Exercise brief: Each of the records below must be reproduced verbatim.

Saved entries
○ ○ ○ ○ ○

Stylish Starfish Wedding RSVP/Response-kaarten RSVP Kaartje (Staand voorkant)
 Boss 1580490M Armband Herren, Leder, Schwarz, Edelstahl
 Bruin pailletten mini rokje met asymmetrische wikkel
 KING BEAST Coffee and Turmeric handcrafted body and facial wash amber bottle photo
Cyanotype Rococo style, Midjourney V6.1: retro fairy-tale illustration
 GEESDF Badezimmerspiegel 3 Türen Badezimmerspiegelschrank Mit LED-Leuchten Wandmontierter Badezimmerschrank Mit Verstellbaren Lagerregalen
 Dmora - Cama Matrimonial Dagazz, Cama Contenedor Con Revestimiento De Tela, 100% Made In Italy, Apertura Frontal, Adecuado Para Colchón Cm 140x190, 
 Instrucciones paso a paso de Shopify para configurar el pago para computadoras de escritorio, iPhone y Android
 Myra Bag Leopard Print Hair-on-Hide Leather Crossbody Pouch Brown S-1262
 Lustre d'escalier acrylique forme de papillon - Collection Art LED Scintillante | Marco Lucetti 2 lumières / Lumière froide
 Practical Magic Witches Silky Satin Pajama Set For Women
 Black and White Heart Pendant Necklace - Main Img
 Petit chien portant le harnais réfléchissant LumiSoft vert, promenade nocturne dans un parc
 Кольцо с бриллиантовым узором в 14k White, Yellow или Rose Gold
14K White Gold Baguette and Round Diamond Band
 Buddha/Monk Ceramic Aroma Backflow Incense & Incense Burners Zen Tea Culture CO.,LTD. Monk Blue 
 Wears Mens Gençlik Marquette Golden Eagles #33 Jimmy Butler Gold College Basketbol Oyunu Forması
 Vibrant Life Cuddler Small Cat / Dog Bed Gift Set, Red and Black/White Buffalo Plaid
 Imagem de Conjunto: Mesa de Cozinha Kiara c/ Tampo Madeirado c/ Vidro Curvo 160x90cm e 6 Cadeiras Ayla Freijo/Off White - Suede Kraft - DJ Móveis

○ ○ ○ ○ ○

Result:
Stylish Starfish Wedding RSVP/Response-kaarten RSVP Kaartje (Staand voorkant)
 Boss 1580490M Armband Herren, Leder, Schwarz, Edelstahl
 Bruin pailletten mini rokje met asymmetrische wikkel
 KING BEAST Coffee and Turmeric handcrafted body and facial wash amber bottle photo
Cyanotype Rococo style, Midjourney V6.1: retro fairy-tale illustration
 GEESDF Badezimmerspiegel 3 Türen Badezimmerspiegelschrank Mit LED-Leuchten Wandmontierter Badezimmerschrank Mit Verstellbaren Lagerregalen
 Dmora - Cama Matrimonial Dagazz, Cama Contenedor Con Revestimiento De Tela, 100% Made In Italy, Apertura Frontal, Adecuado Para Colchón Cm 140x190, 
 Instrucciones paso a paso de Shopify para configurar el pago para computadoras de escritorio, iPhone y Android
 Myra Bag Leopard Print Hair-on-Hide Leather Crossbody Pouch Brown S-1262
 Lustre d'escalier acrylique forme de papillon - Collection Art LED Scintillante | Marco Lucetti 2 lumières / Lumière froide
 Practical Magic Witches Silky Satin Pajama Set For Women
 Black and White Heart Pendant Necklace - Main Img
 Petit chien portant le harnais réfléchissant LumiSoft vert, promenade nocturne dans un parc
 Кольцо с бриллиантовым узором в 14k White, Yellow или Rose Gold
14K White Gold Baguette and Round Diamond Band
 Buddha/Monk Ceramic Aroma Backflow Incense & Incense Burners Zen Tea Culture CO.,LTD. Monk Blue 
 Wears Mens Gençlik Marquette Golden Eagles #33 Jimmy Butler Gold College Basketbol Oyunu Forması
 Vibrant Life Cuddler Small Cat / Dog Bed Gift Set, Red and Black/White Buffalo Plaid
 Imagem de Conjunto: Mesa de Cozinha Kiara c/ Tampo Madeirado c/ Vidro Curvo 160x90cm e 6 Cadeiras Ayla Freijo/Off White - Suede Kraft - DJ Móveis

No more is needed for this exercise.